Kurt Elster: Yeah. The A/B test, the conversion rate optimization, that’s the thing that especially on social media that’s catnip, right? People love it. But it’s really… It’s informative. It’s fun. But as part of the larger process, it can be superficial, like you are looking at a later stage here. So, that’s the exciting part. Give me some of your catnip. I want to hear what some of your biggest split testing wins have been.

Nick Disabato: Oh, my God. We ran a test… So, the two biggest ones we did in this calendar year were both kind of deeper reworks of pricing models and structures, so that shouldn’t be too surprising, but it took effort to get to that point and figure out how to do it, right? So, there’s one client, and everybody is gonna take this insight and steal it and not think about all the work that went into it, which is fine. I’ll talk about the work that went into it too. Basically, we increased all the prices and turned on free shipping and the conversion rate went up by 2.5X and AOV went down by 9%.

Ultimately, the client made a lot more customers and a lot more money because they did what the customer’s been asking for, and customers… I did another round of interviews afterwards and none of them noticed. One person noticed and thought it was because the world is on fire now and we hadn’t increased prices in three years and it was fine, right? Now, you’re gonna listen to this and be like, “I’m gonna increase my prices and do free shipping.” How much do you increase them by? How much do you do that per product? How do you telegraph that you have free shipping? In what way do you turn on that messaging? And those are the questions, right?

And then how do you comfort a team after a year of gathering evidence around all of this and say, “You know, you don’t have to be afraid about this. We can do this and it’s possible.” That’s a lot harder.

The other big one was we switched from basically a flat pricing model, so it was a keychain gifting company, and you bought a keychain for like 40 bucks and then you put tokens on this keychain that each had-

Kurt Elster: A keychain is 40 bucks?

Nick Disabato: Yeah, it was like a fancy Horween Leather everyday carry type keychain.

Kurt Elster: All right, well, if it’s Horween Leather, I take it back.

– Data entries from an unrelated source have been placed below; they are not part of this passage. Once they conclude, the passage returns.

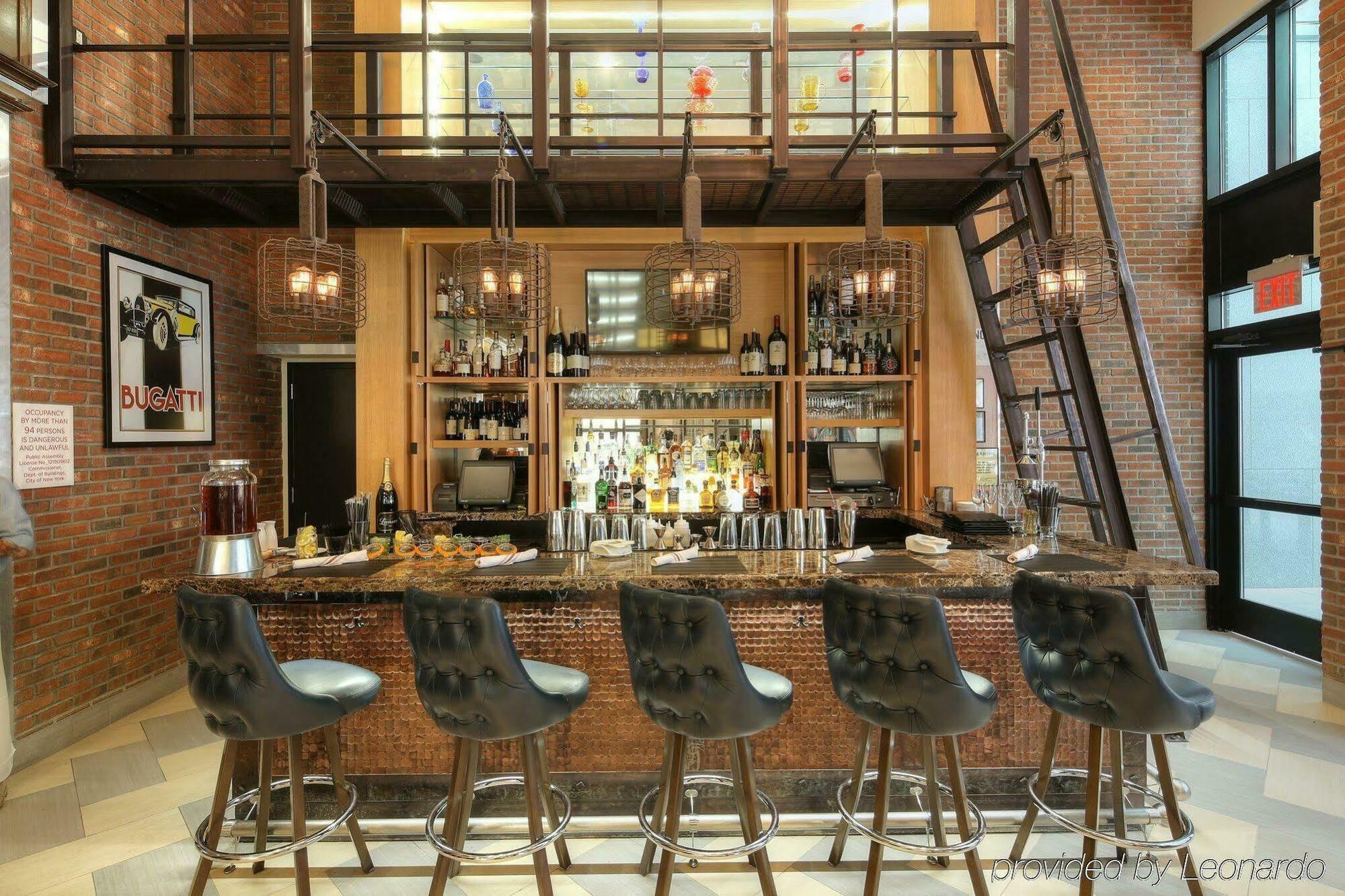Hotel Archer New York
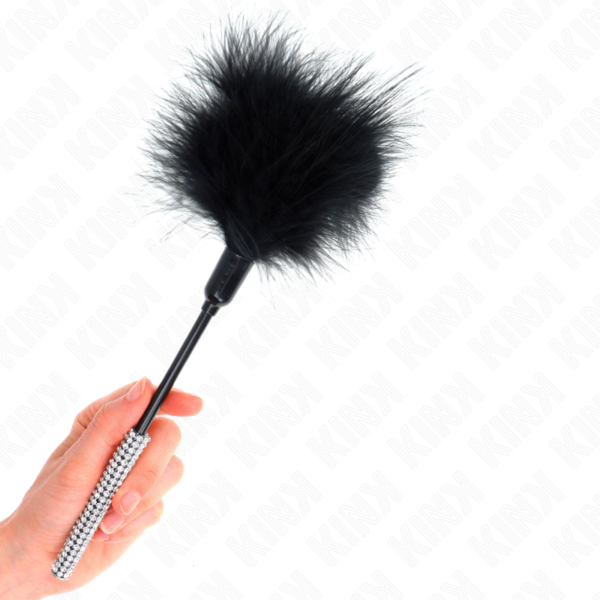 kink---plumas-para-cosquillas-con-mango-de-diamantes-de-imitaciÓn-27-cm-3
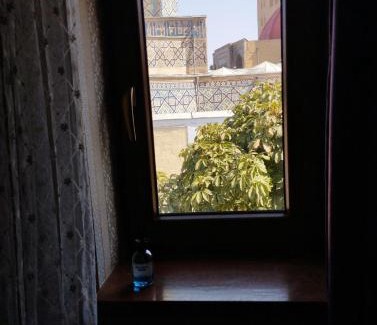 Samarkand House | Damir Nur Guest House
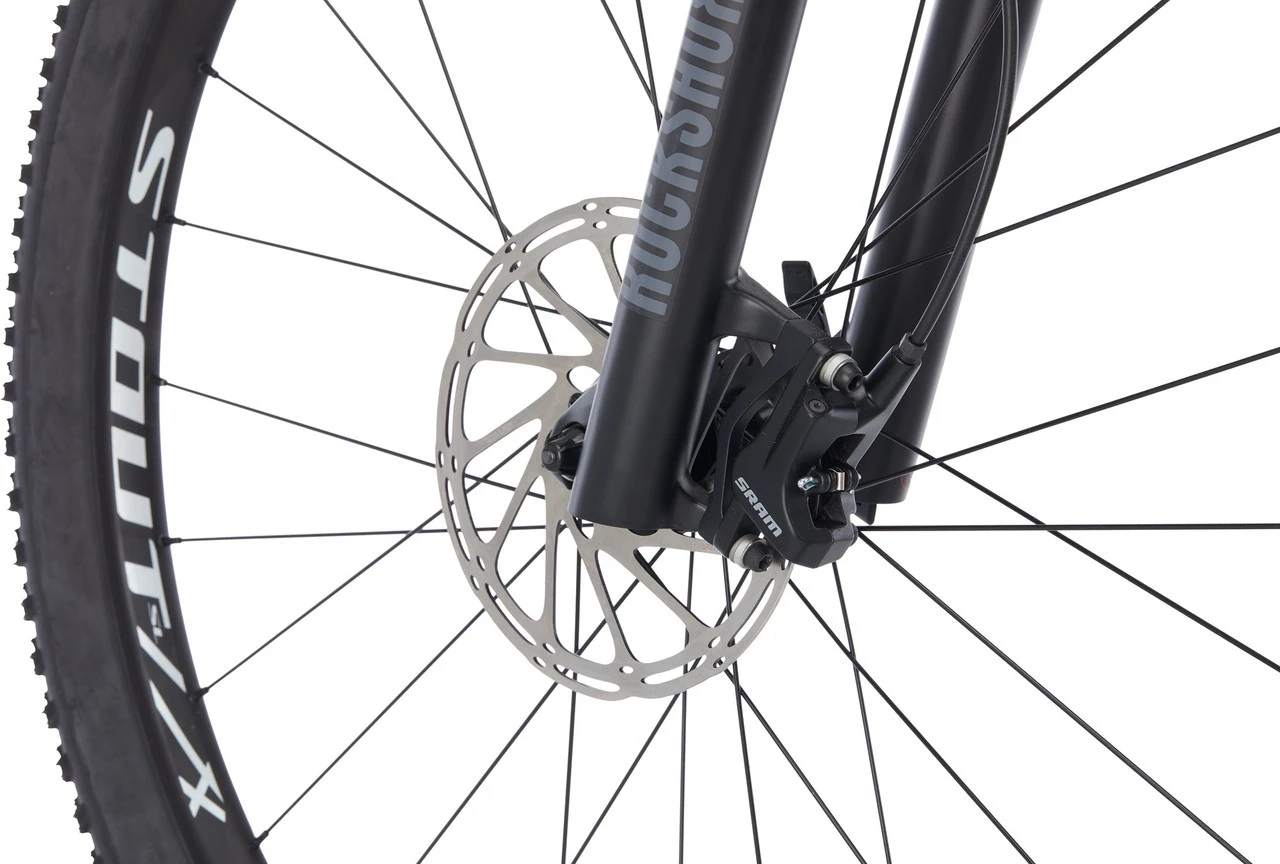 Specialized Rockhopper Expert 29" Mountainbike 17 Specialized Rockhopper Expert 29" Mountainbike – Bild 17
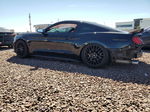 2016 Ford Mustang Gt Black vin: 1FA6P8CF6G5261866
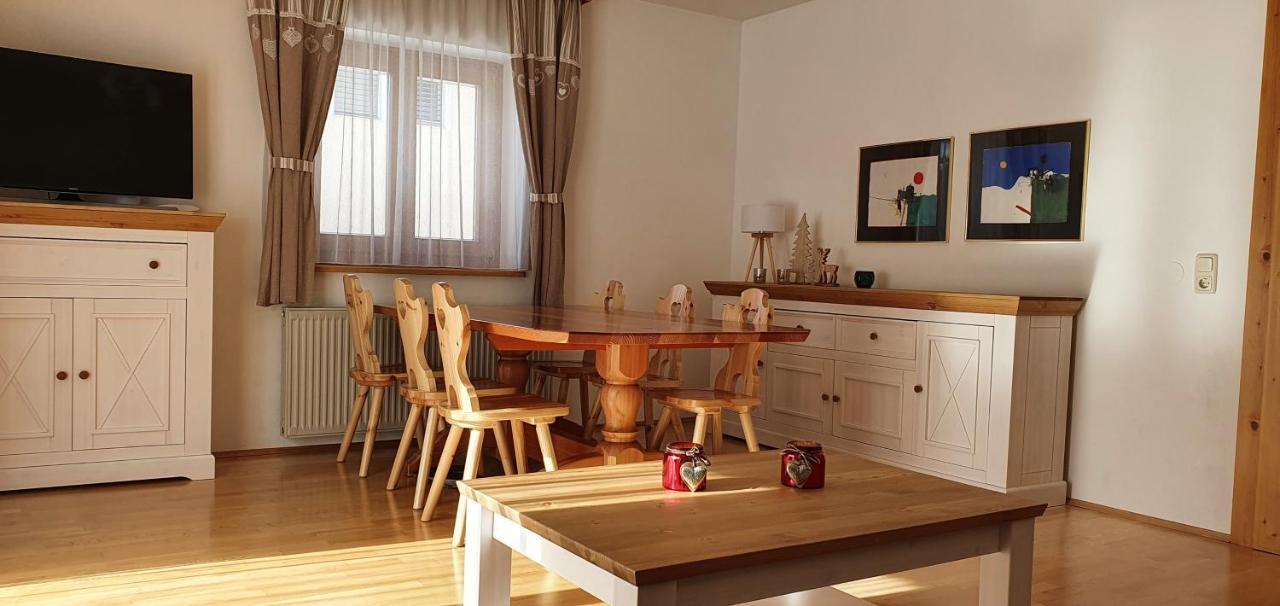 Ferienhaus Michael Bad Kleinkirchheim Luaran gambar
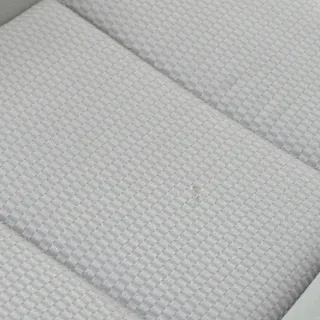 Audi A2 Sitzgestell Gestell Sitz Fahrersitz vorne links Unterteil Sitzfläche - Bild 4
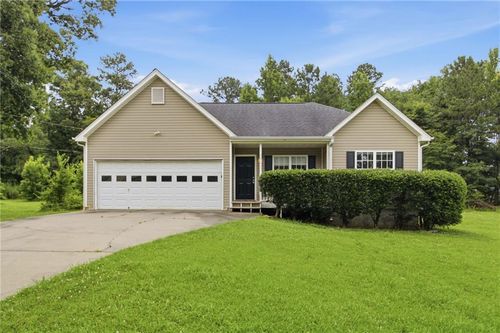 32 Saddle Ln Nw, Cartersville, GA, 30121-4758 | Card Image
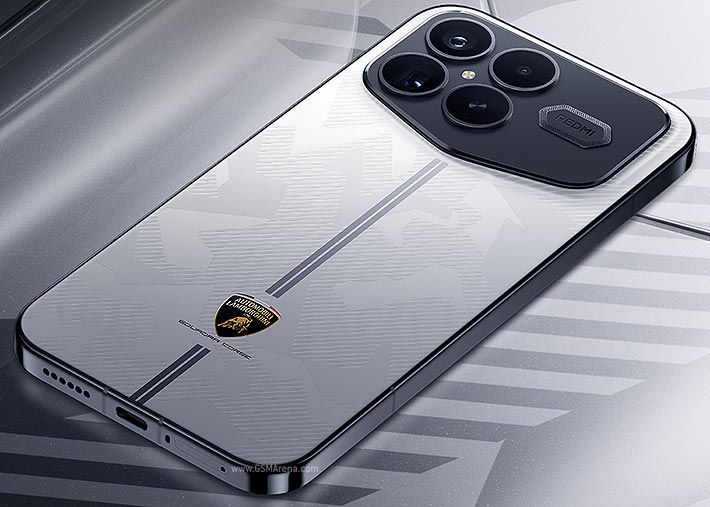 Xiaomi Redmi K90 Pro Max, 256GB 12GB RAM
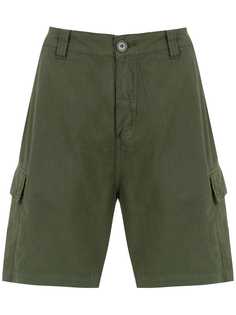 Osklen cargo shorts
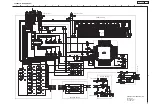 Предварительный просмотр 58 страницы Denon AVR-1404 Service Manual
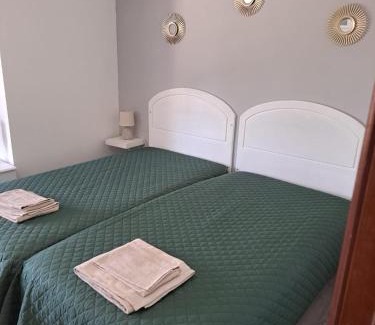 Santiago do Cacem Apartment | Apartamentos Serranheira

Nick Disabato: Yeah. It’s a fancy pants keychain and you put these tokens on and each one of them has like a state, or a country, or a body of water printed on it to show all the places that you’ve traveled, so it’s really cool, right? And in customer research we realized people were kind of feeling like they were getting penalized for traveling a lot of places. And I told even the CEO of this on our very first call, like, “I’ve been to 25 countries and 48 states, and I feel like I would become bankrupted by buying all the tokens necessary to do this. What do you think about that?” Crickets on the line, right?

So, we did a tiered price. We switched from a flat pricing model to a tiered pricing model where the more that you bought, the deeper the discount you got was, and it’s super high margin, so the tokens themselves don’t cost a whole lot of money. It didn’t cost a whole lot of money to pick them and ship them from a labor standpoint. But we wanted to make sure that people were valuing appropriately kind of the product that we were putting together.

And I forget the exact number on it. You would have to take a look at our case studies. I wrote this all up on case studies but I’m pretty sure it was a high enough number… I do remember how I felt. And I was in Mexico at the time, and I looked up the results and I’m like, “This is preposterously high. We’re gonna give it another three or four days.” And I gave it another three or four days just to gather some more data and get well past minimum sample size, and the numbers were even better that time, and I remember it was the first thing I did in the morning, and I made myself coffee and I just walked to a park and looked at a pond. I just stared at some birds on a pond, like it was that kind of test where I was like, “When I write this up, it’s going to permanently change this person’s business.” He ended up hiring six people. He’s launching new product lines. He’s having his best year ever because of this test.

And I’m just so grateful for it. It was another like double your conversion rate, double your revenue sort of situation. It was very, very good.

Kurt Elster: How often do you run into those?

Nick Disabato: Oh, God. Three or four times a year. The really big ones, right? But most of it, systematically, how often do we get wins? What’s the win rate look like? What’s the average increase per test, right? Our win rate is around I think 62% for all of the A/B tests we have ever run in our history as of press time, and that number is increasing. The industrywide win rate is somewhere between 17 and 19%, so one out of every six. We get two out of every three because we do the research.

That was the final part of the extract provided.